Unter dem Briefkastenschlitz steht mit Edding „Für Liebesbriefe.“ Was ich einwerfe, ist leider kein Liebesbrief, sondern ein „Leistungsauftrag“ an die Beihilfestelle NRW (LBV). Als privat versicherter Beamter bekomme ich alle Arztrechnungen, muss sie zuerst bezahlen und kann mir 70 Prozent der Summen vom LBV erstatten lassen. 30 Prozent erstattet auf Antrag die private Krankenversicherung (KV). Die Konstruktion hat den geringen Vorteil, dass ich sehen kann, was Ärzte abrechnen. Als nach meinem Beinbruch die Chefärztin der Radiologie kam, um guten Tag zu sagen, wusste ich, das gibt eine saftige Rechnung. Rechnungen schickte auch, wer mir aus der Ferne zugewinkt hatte.
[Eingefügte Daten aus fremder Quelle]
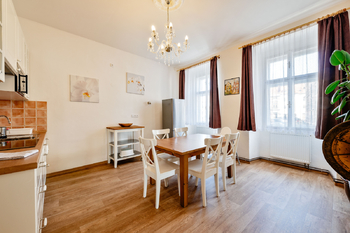 Prodej nájemního domu 266 m², Tábor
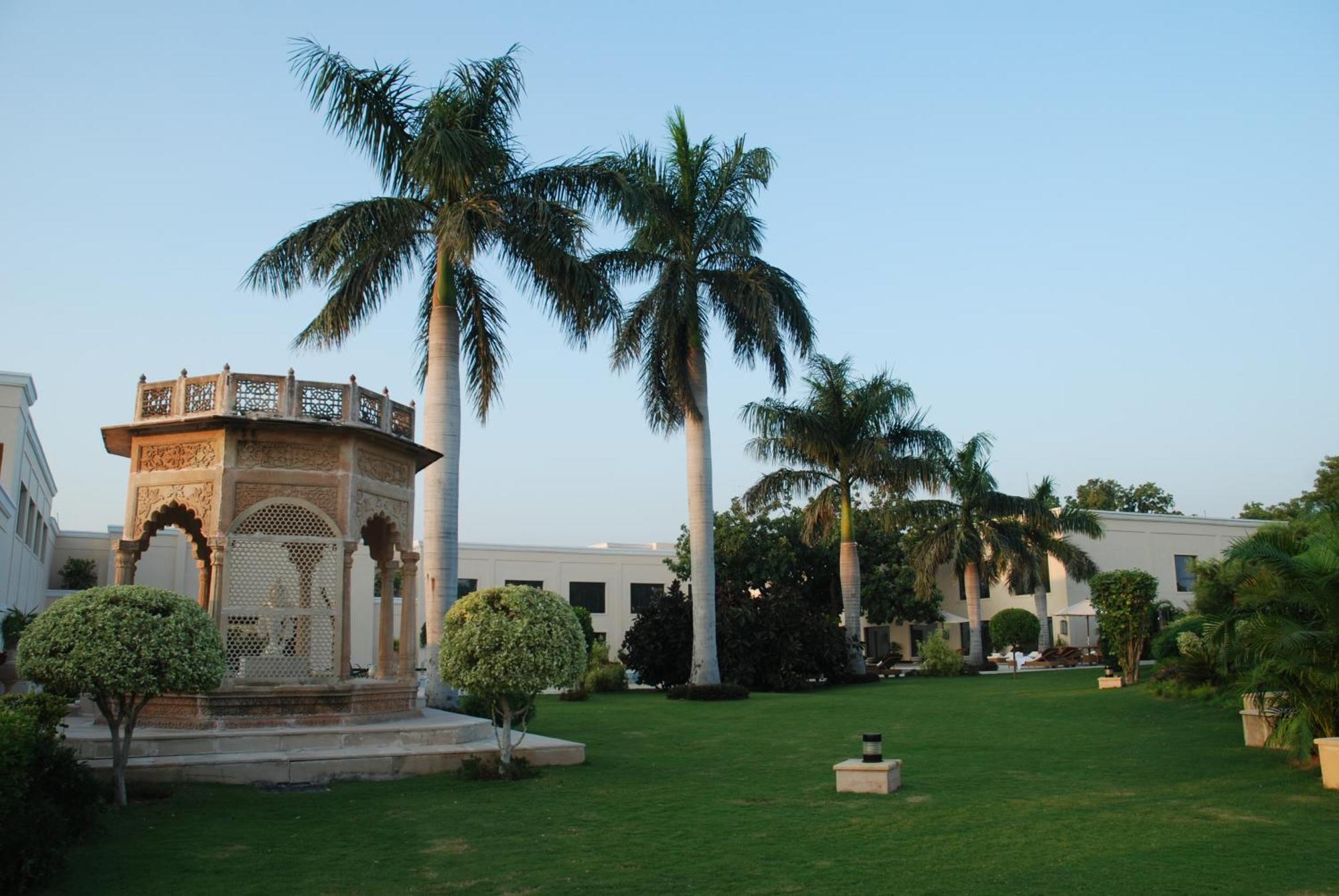 The Lalit Temple View Hotel Khajurāho Exterior photo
Der Nachteil der Regelung 70 Prozent LBV, 30 Prozent KV ist der Verwaltungsaufwand. Alles muss doppelt beantragt werden. Die KV bietet inzwischen die Möglichkeit, den Leistungsantrag online einzureichen. Das habe ich heute getan, weil mir Antragsformulare fehlten. Das spart Briefporto, hat aber den Nachteil, dass ich nicht zum Briefkasten gehen muss. Der Briefkasten vor der Post ist für mich, was dem Hundebesitzer der Hund ist, er zwingt mich vor die Tür. Außerdem ist es ein erhabenes Gefühl, dem Briefkasten mit fertig ausgefüllten Anträgen das Maul zu stopfen.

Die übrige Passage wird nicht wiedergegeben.